Luego en aquella transformación nosotros somos habitantes de una cultura del vacío, de una cultura de la soledad. La gente —nosotros también— dentro estamos solos y tenemos necesidad del ruido para no sentir este vacío, esta soledad. Esta es la proposición del mundo y esto no tiene nada que ver con la alegría de la cual hemos hablado. El vacío: si hay algo que destroza nuestras ciudades es este aislamiento. Ir de misión y ayudar a salir de los aislamientos y hacer comunidad, fraternidad. “Pero ese no me gusta...”. “Ese es así...”. Nunca adjetivar: Jesús ama a todos. Si yo voy de misión debo estar dispuesto a este amar a todos. No hay esa alegría plena, que era lo que tú decías que te daba la misión. Mientras hay muchos de nuestros hermanos con la mirada desfigurada por una sociedad que se defiende solamente con la exclusión, aislando a la gente, ignorando. Nunca, si nosotros queremos ser misioneros y llevar el Evangelio y tener esta alegría, nunca hay que excluir, nunca aislar a nadie, nunca ignorar.

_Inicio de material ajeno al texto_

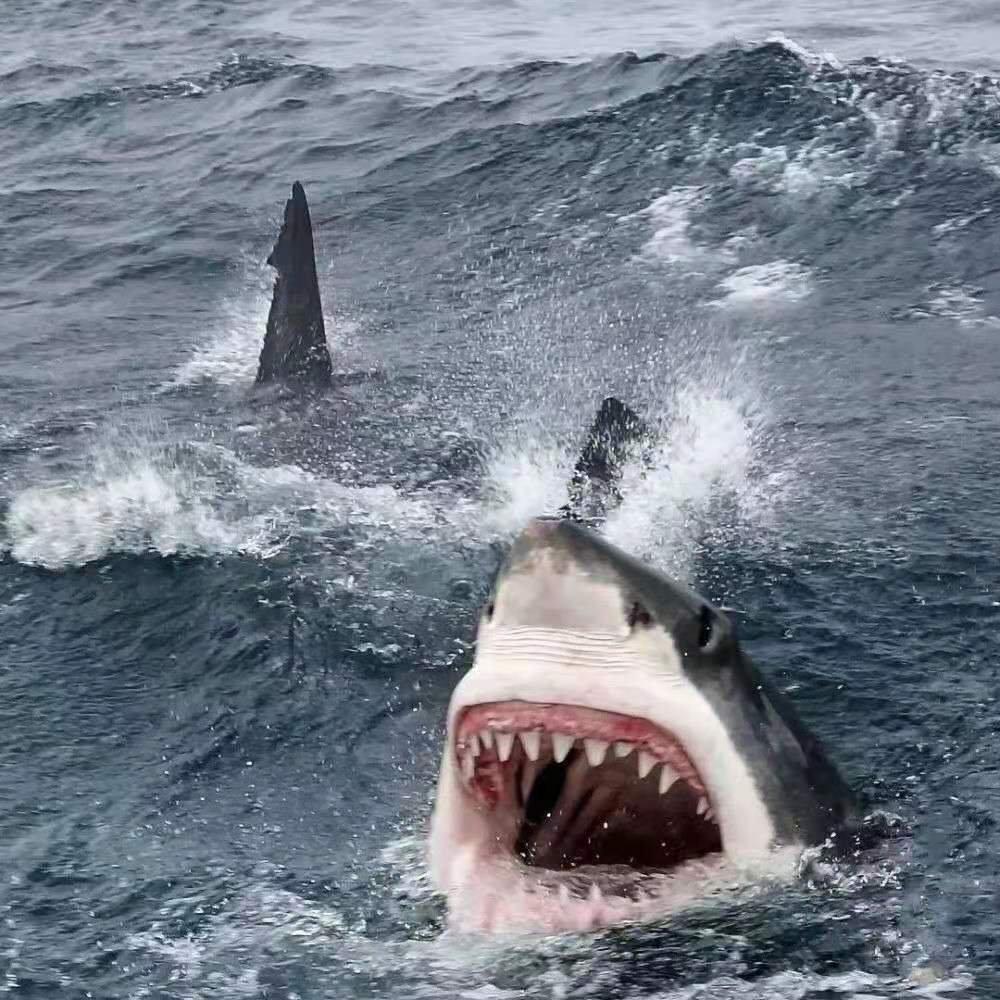 星野-等一下就回家，反返《Loop》（Yuri remix）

4. Tener el valor de responder a los desafíos
Para ser discípulo es necesario el mismo corazón de un navegante; horizonte y valor. Si tú no tienes horizonte y si eres incapaz de verte incluso la nariz, no serás nunca un buen misionero. Si tú no tienes valor, nunca lo serás. Es la virtud de los navegantes: saben leer el horizonte, ir y tienen el valor para ir. Pensemos en los grandes navegantes del siglo XV... Vosotros tenéis la oportunidad de conocer todo con vuestras nuevas técnicas, pero estas técnicas de información nos hacen caer en una trampa muchas veces; porque en lugar de informarnos nos saturan, y cuando tú estás saturado el horizonte se acerca, se acerca, y tienes ante ti un muro, has perdido la capacidad de horizonte. Estad atentos: ¡mirad siempre lo que te venden! Incluso los medios de comunicación. La contemplación, la capacidad de contemplar el horizonte, de hacerse un juicio propio, no comer lo que te sirven en el plato. Este es un desafío: es un desafío que creo que nos debe llevar a la oración, y decir al Señor:
“Señor, te pido un favor: por favor, no dejes de desafiarme”.Desafíos de horizontes que requieren el valor. Navegante: horizonte y valor. Y lo digo a todos esa oración que yo os proponía: “Señor, te pido un favor, hoy desafíame”.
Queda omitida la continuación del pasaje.